A v-cone meter uses an obstruction to generate a head difference between two points in the flow path. As Figure 1 depicts, the first pressure measurement is upstream of the cone obstruction while the second most commonly is at the apex of the trailing cone shape. As with all head meters, the measured pressure drop translates into a volumetric flow rate with proper accounting for Reynold’s number and physical properties. Density corrections are required to get a mass flow rate.
Such meters now are beginning to become more common because many of the underlying patents have started to expire. Nevertheless, they’re still relatively unknown. So, let’s examine them in more detail.
Orifice plate flow meters, so long as manufactured and installed to ISO or equivalent standards, generally are accepted as being accurate. They don’t need calibration on a meter-by-meter basis. V-cone meters lack such manufacturing and installation standards. So, each meter requires individual calibration, which can be relatively difficult and costly.
The practical implication of this varies with the application. The question the plant engineer must ask is: "Does the meter need precision or accuracy?" Precision means the meter gives the same reading for identical flow rates. Accuracy means the meter’s readings are statistically random around the actual value.
Many applications for trend analysis require precision more than accuracy. If the plant wants to track changes in flow rate between different operations or over time, precision is the key need. Field experience and references show that v-cone meters provide precision equivalent to that of orifice meters. If you’re looking mainly for precision, you may be able to use a v-cone meter without calibration.

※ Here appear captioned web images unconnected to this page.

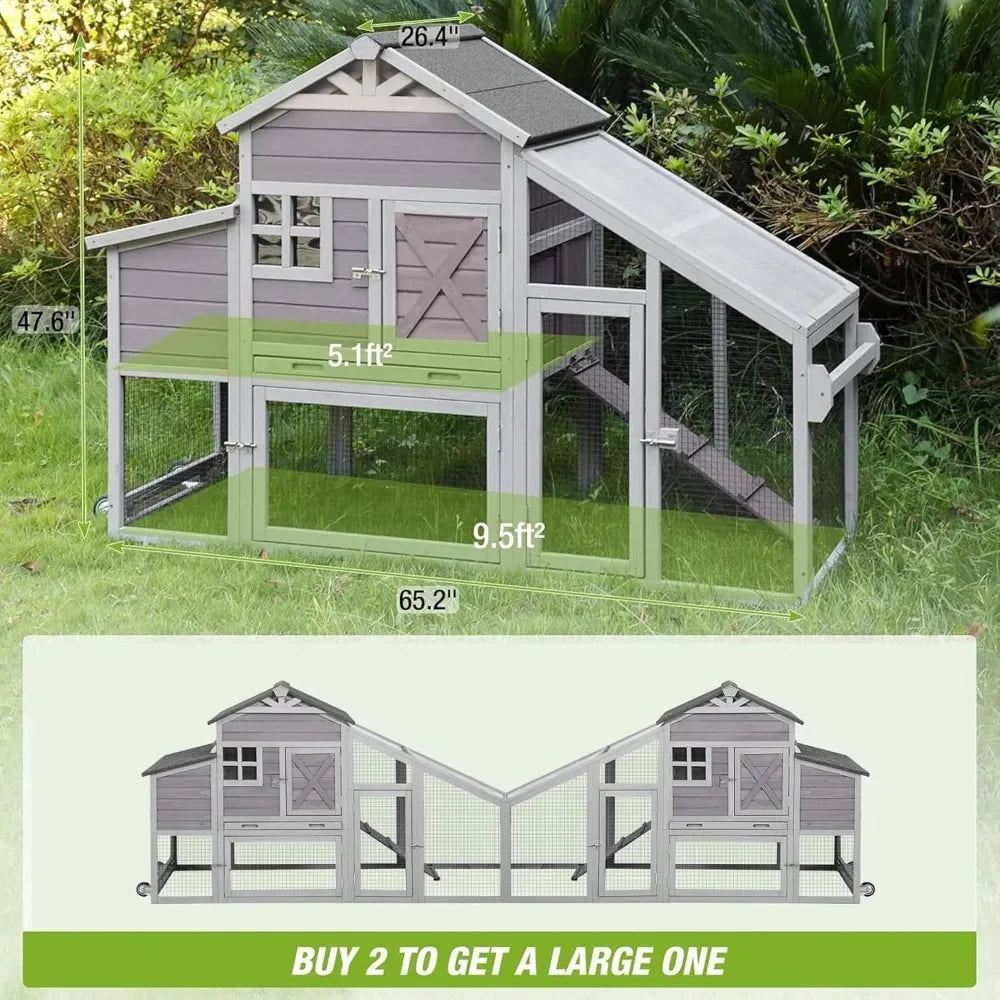 Chicken Coop/Tractor, Large Nesting Box, Easy to Move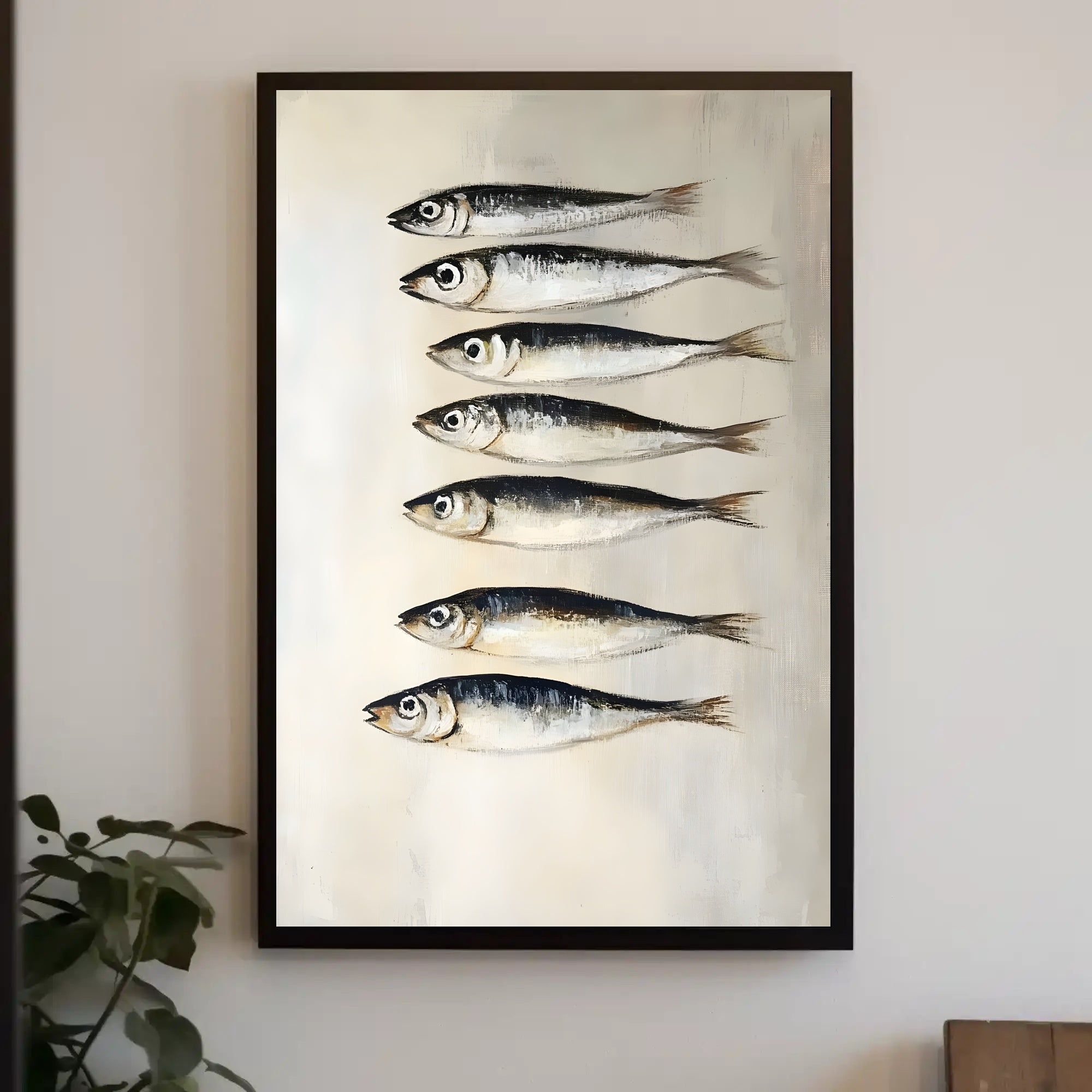 School Of Fish Poster Minimalist Coastal Wall Art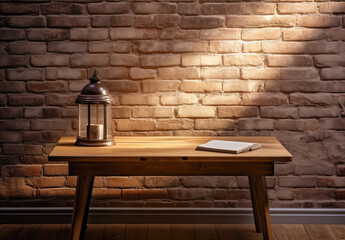 Rustic Charm A Moody Wooden Table Top Against a Distinct Brick Wall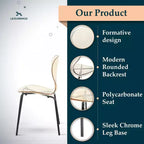 LeisureMod Oyster Chaises de salle à manger transparentes (lot de 2) - Empilables, dossier incurvé, avec pieds en acier inoxydable noir pour cuisine ou salle à manger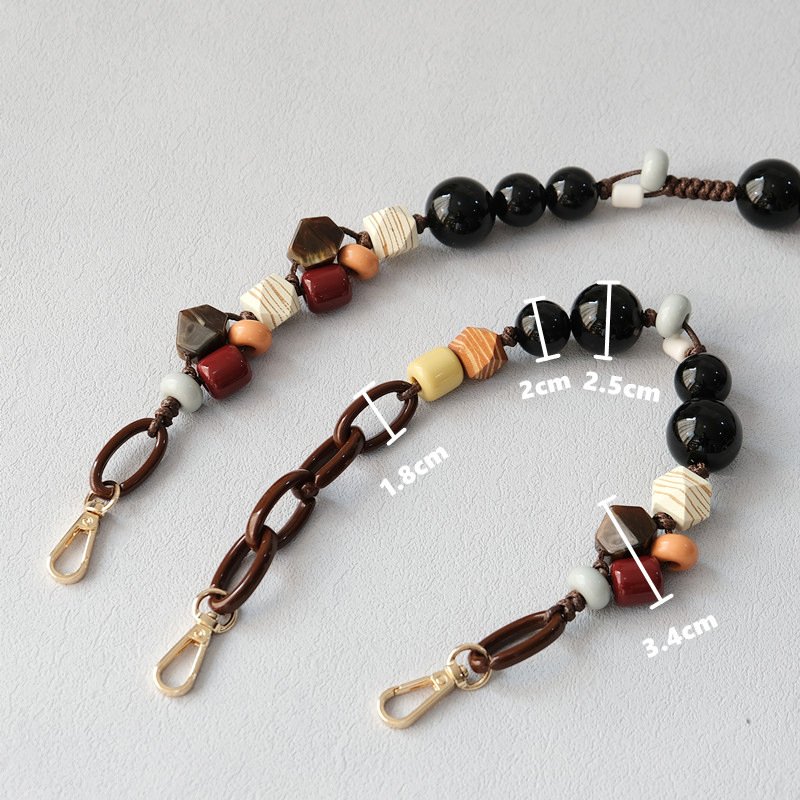 European and American acrylic bead chain fashion wood bead bracelet diagonal lanyard bag with mobile phone chain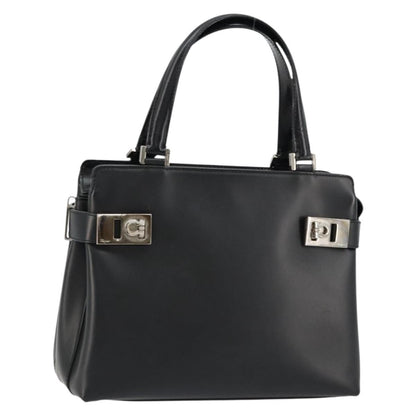 Salvatore Ferragamo Double Gancini Side Buckle Leather, Black, Leather, Tote Bag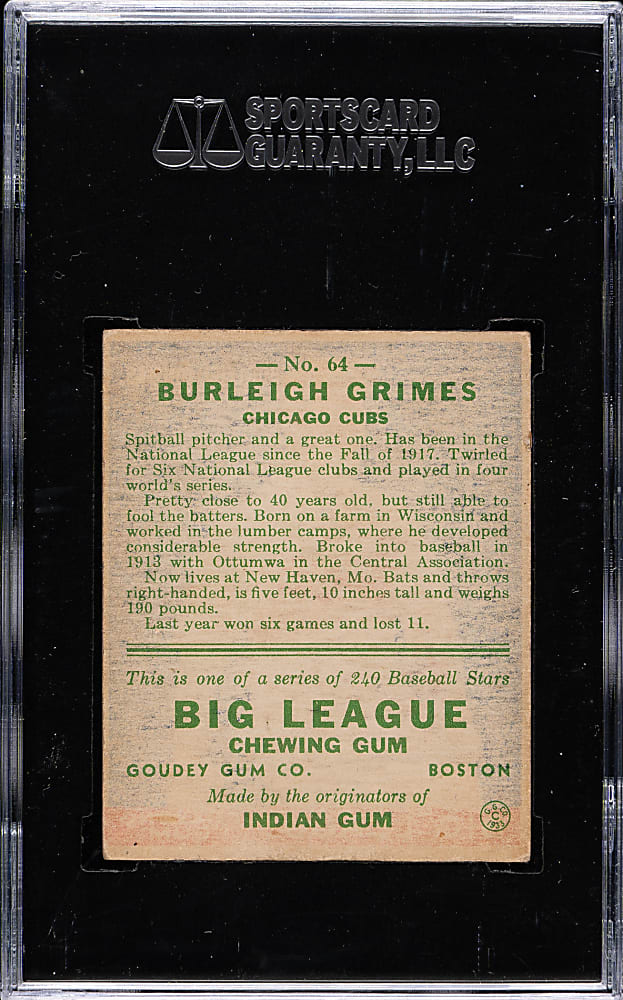 1933 R319 Goudey #64 Burleigh Grimes SGC EX 60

In contrast, if accuracy is necessary, you almost certainly must perform individual meter calibration. Relatively little disinterested test work has been published comparing the accuracy before calibration of v-cone meters to each other. The data available indicate flow measurement errors of up to 8.5% between nominally identical flow meters from different manufacturers. Separate work reviewed by the U.S. Bureau of Land Management (BLM) on using v-cone meters for custody transfer showed errors of less than 3% for a specific style of meter produced by one manufacturer. The BLM review concluded that those specific v-cone devices were no worse than orifice meters for custody transfer.
Without individual meter calibration, you won’t know either the overall accuracy or biases in the accuracy of measurement. One key in calibration is that the flow test must cover the entire Reynold’s number range expected. Test results reveal many v-cone meters have nonlinear calibration curves — so don’t rely on extrapolated calibrations. Once calibrated, a properly installed v-cone meter should provide measurement accuracies of 0.7% or better.
We can’t ignore maintenance. Ongoing meter accuracy depends upon having a clean meter, installed on the centerline (or the same distance from it at all times), and with an unvarying angle of the cone. Mechanical cleaning shouldn’t move or twist the v-cone. If the cone body is deformed or misaligned by cleaning, the meter will need recalibration.
V-cone meters offer an attractive option for tight piping layouts. However, you must understand whether or not the application requires a calibrated meter. If not, ensure all users understand the data’s limitations.